- **TASK DATA**:
•••
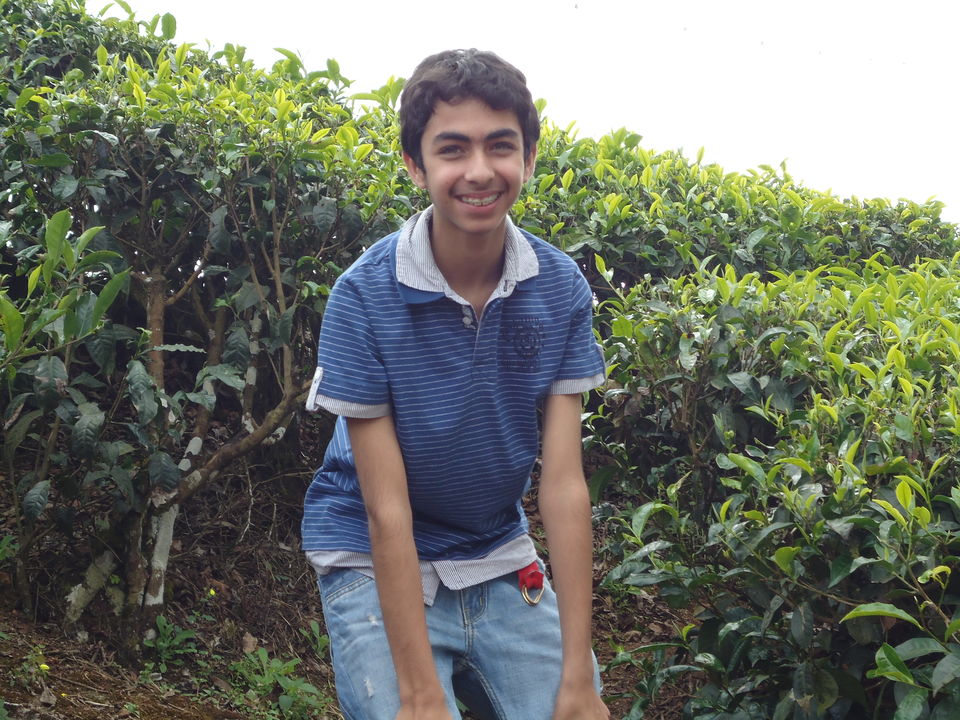 Photo of Mattupetty Lake, Kannan Devan Hills, Kerala, India by Aarush Tandon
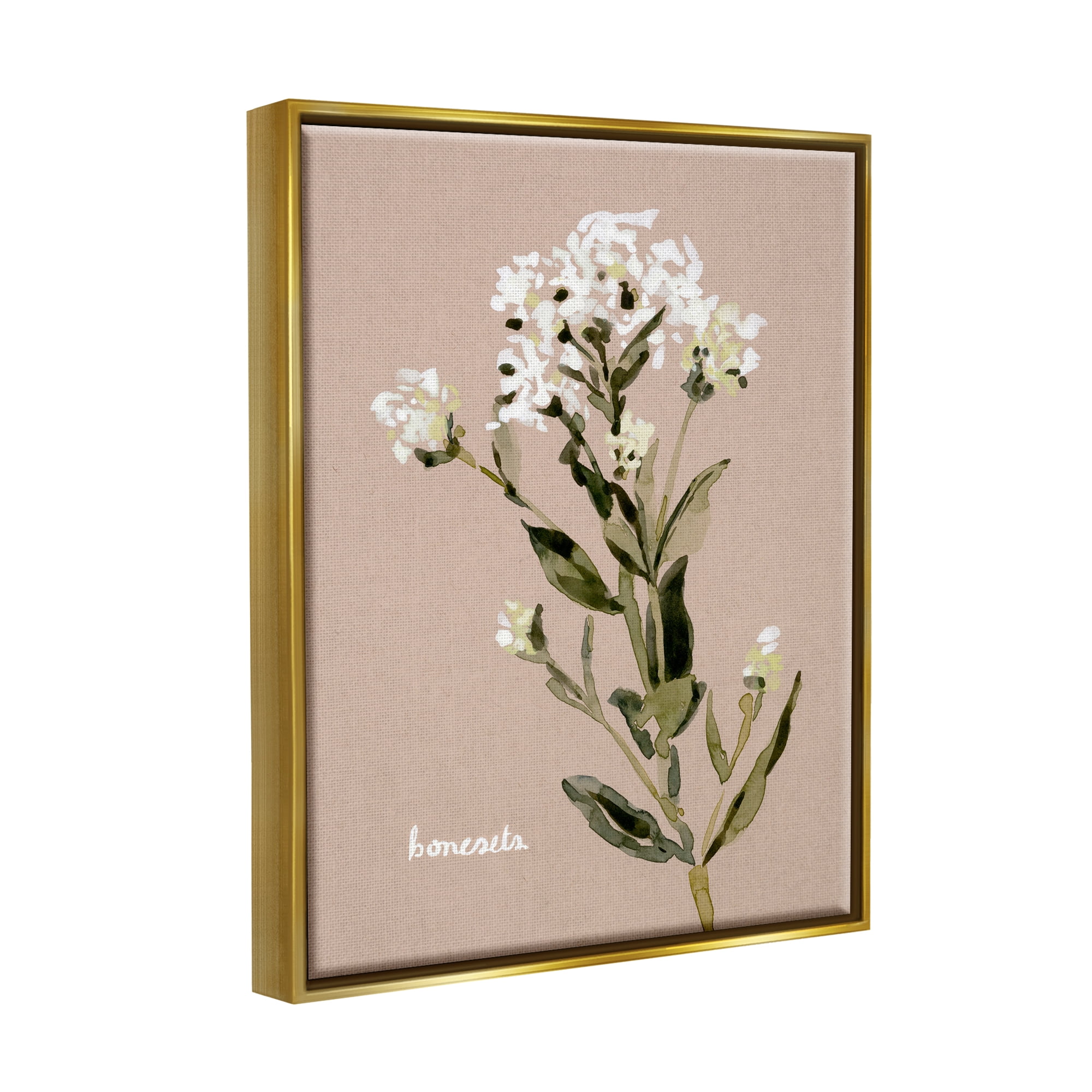 Stupell Industries Boneset Flower Sprig Nature Botanical & Floral Painting Gold Floater Framed Art Print Wall Art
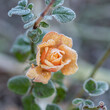 Pomarańczowa róża pokryta szronem 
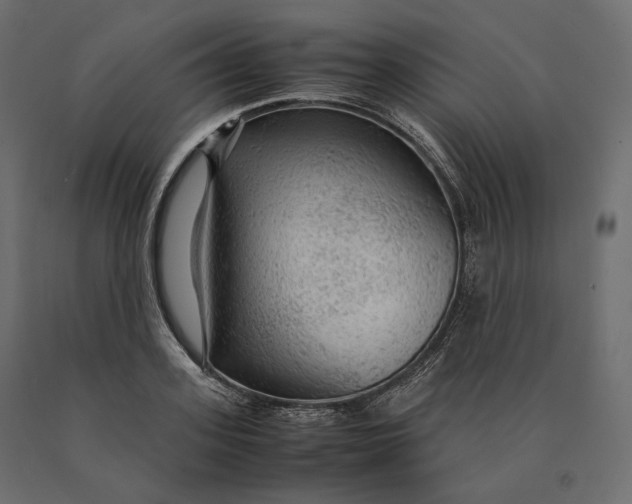 X0000090470939200708031301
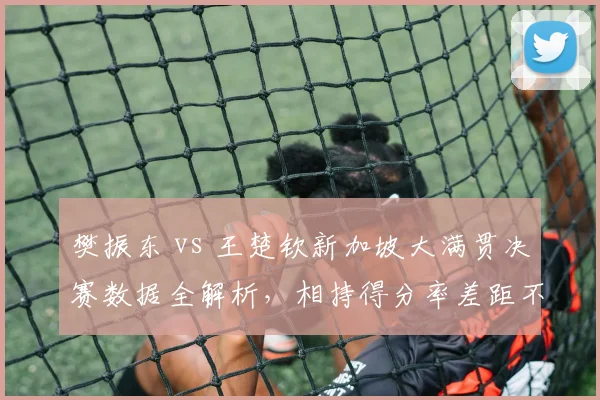 樊振东 vs 王楚钦新加坡大满贯决赛数据全解析，相持得分率差距不足3%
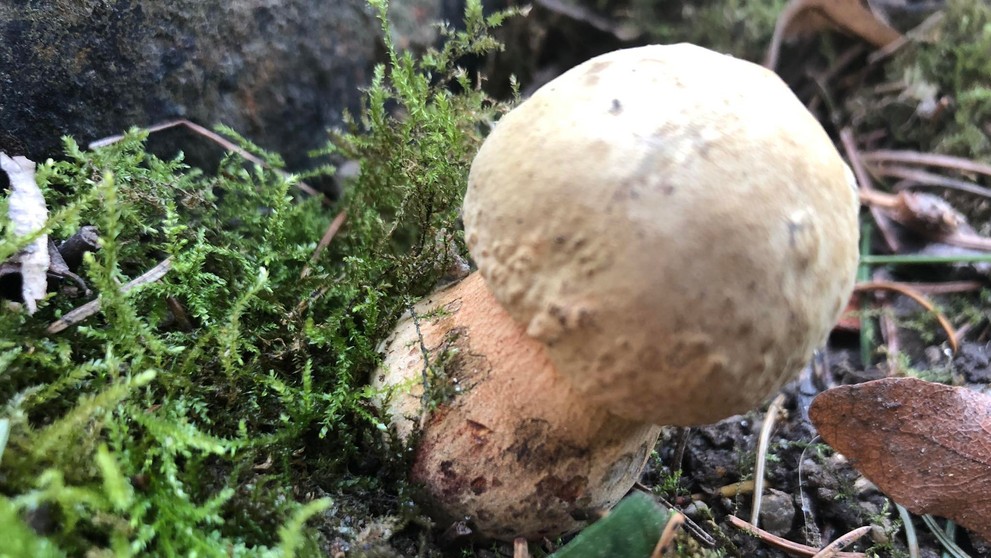 Jeden z dvojice hríbov siných.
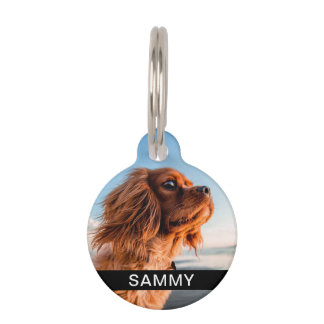 Médaillon Pour Animaux Photo et nom Numéro d'identification de l'animal N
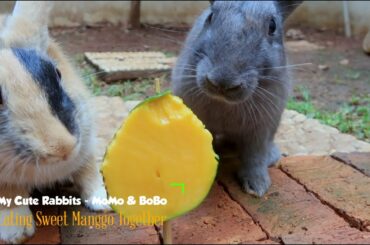 My Cute Rabbits are Eating Sweet Mango Together - ASMR / 나의 귀여운 토끼가 함께 달콤한 망고를 먹고 있습니다-ASMR
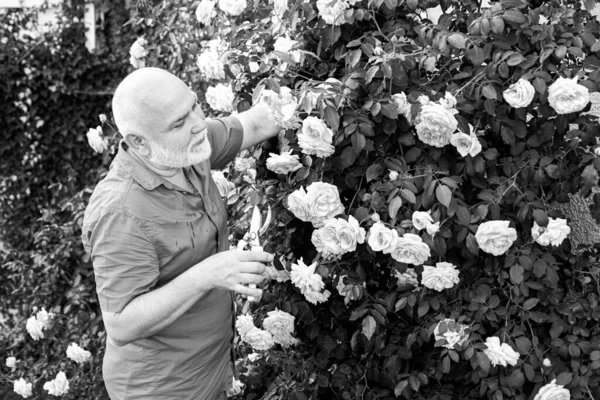 Starszy ogrodnik w ogrodzie kroi róże. Dziadek pracuje na podwórku z wiosennymi kwiatami. — Zdjęcie stockowe
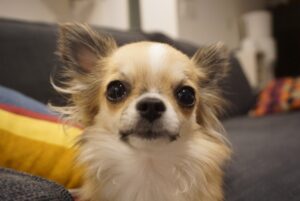 犬がキュンキュン鳴く原因はどんなこと？やめさせるべきなの？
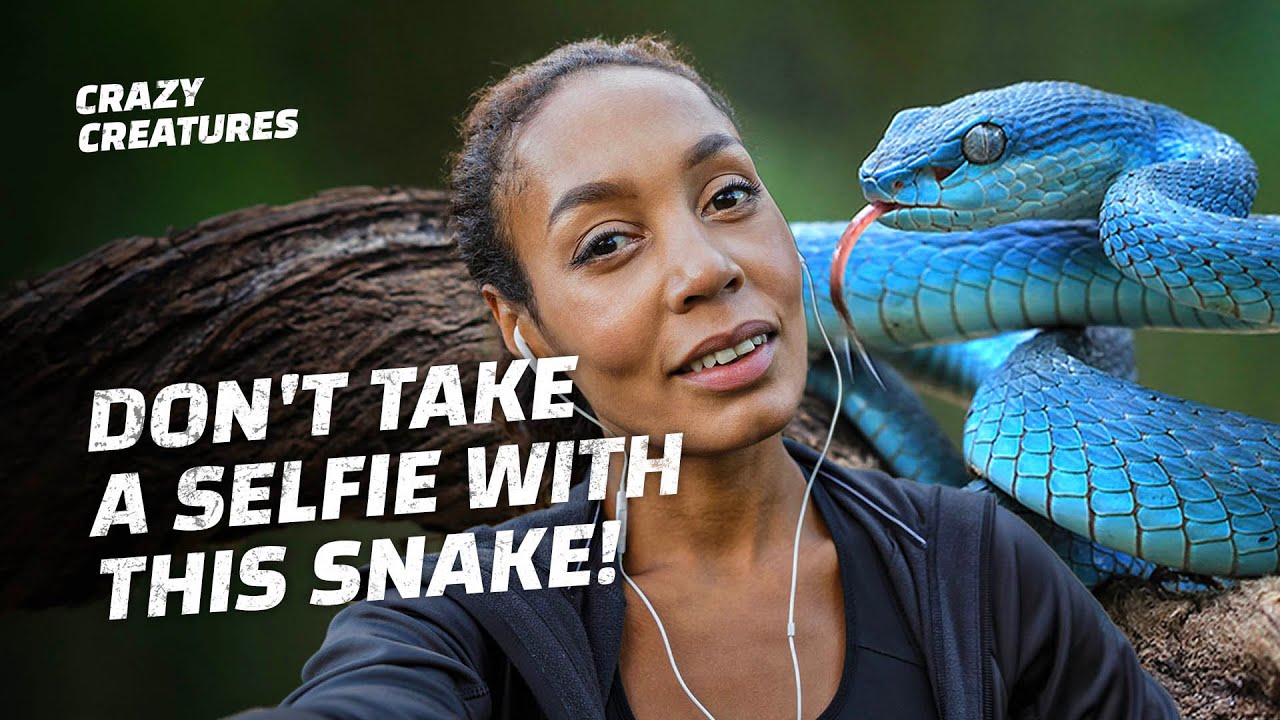 If You See This Snake in a Tree, Back Away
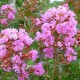 Lagerstroemia indica Enduring Summer Red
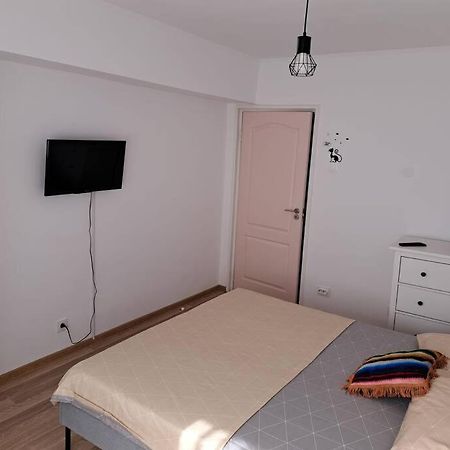 Apartament Titulescu/Banu Manta Apartment Bucharest Luaran gambar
•••
- **EXERCISE AIM**:
Retype only the lines that run from the first line of the entries above to the line containing "Jeden z dvojice hríbov siných.", both included. Do not carry over any pictures.

- **FINISHED TASK**:
 Photo of Mattupetty Lake, Kannan Devan Hills, Kerala, India by Aarush Tandon
 Stupell Industries Boneset Flower Sprig Nature Botanical & Floral Painting Gold Floater Framed Art Print Wall Art
 Pomarańczowa róża pokryta szronem 
 X0000090470939200708031301
 樊振东 vs 王楚钦新加坡大满贯决赛数据全解析，相持得分率差距不足3%
 Jeden z dvojice hríbov siných.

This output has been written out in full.